* **WORK ITEM**:
Should a line below contain the word "Black", report it.

RECORDS PROVIDED Block Start

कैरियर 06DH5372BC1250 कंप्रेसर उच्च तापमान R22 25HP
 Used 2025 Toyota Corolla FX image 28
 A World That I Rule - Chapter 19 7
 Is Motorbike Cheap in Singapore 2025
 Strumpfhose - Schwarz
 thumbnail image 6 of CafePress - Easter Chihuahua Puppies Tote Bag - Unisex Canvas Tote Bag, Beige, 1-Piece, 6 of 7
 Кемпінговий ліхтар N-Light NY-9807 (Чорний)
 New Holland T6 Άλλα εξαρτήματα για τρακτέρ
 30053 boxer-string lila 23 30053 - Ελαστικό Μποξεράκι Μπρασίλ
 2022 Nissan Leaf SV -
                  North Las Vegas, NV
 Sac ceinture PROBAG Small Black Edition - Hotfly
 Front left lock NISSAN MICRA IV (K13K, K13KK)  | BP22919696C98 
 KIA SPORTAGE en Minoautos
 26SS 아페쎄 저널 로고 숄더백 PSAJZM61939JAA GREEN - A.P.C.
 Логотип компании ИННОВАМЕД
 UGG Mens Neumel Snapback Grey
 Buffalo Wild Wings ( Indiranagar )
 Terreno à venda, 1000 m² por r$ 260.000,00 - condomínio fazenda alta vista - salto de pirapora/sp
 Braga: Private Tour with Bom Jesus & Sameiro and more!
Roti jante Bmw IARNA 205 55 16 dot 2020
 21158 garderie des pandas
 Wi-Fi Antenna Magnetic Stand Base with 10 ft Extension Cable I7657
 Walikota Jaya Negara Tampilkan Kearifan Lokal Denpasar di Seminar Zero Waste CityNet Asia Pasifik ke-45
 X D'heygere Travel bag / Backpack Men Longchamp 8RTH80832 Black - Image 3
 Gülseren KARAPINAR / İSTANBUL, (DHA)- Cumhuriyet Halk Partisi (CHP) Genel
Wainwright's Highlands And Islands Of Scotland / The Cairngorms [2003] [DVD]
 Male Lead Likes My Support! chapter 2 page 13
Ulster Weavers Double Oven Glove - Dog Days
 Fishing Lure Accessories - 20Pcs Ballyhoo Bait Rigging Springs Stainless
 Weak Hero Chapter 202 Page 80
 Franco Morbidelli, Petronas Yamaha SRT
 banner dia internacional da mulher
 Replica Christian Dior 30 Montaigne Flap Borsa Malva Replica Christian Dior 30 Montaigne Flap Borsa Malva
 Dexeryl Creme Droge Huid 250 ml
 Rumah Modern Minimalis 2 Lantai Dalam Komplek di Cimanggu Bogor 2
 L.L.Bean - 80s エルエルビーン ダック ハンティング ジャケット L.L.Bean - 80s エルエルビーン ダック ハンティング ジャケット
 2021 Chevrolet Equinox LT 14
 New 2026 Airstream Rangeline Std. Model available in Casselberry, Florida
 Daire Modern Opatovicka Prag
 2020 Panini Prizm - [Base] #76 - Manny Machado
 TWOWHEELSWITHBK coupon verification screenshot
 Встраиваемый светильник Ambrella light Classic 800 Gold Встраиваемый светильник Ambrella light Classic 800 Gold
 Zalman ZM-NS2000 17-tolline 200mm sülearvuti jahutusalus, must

RECORDS PROVIDED Block End

* **SOLUTION TO THIS EXERCISE**:
 Sac ceinture PROBAG Small Black Edition - Hotfly
 X D'heygere Travel bag / Backpack Men Longchamp 8RTH80832 Black - Image 3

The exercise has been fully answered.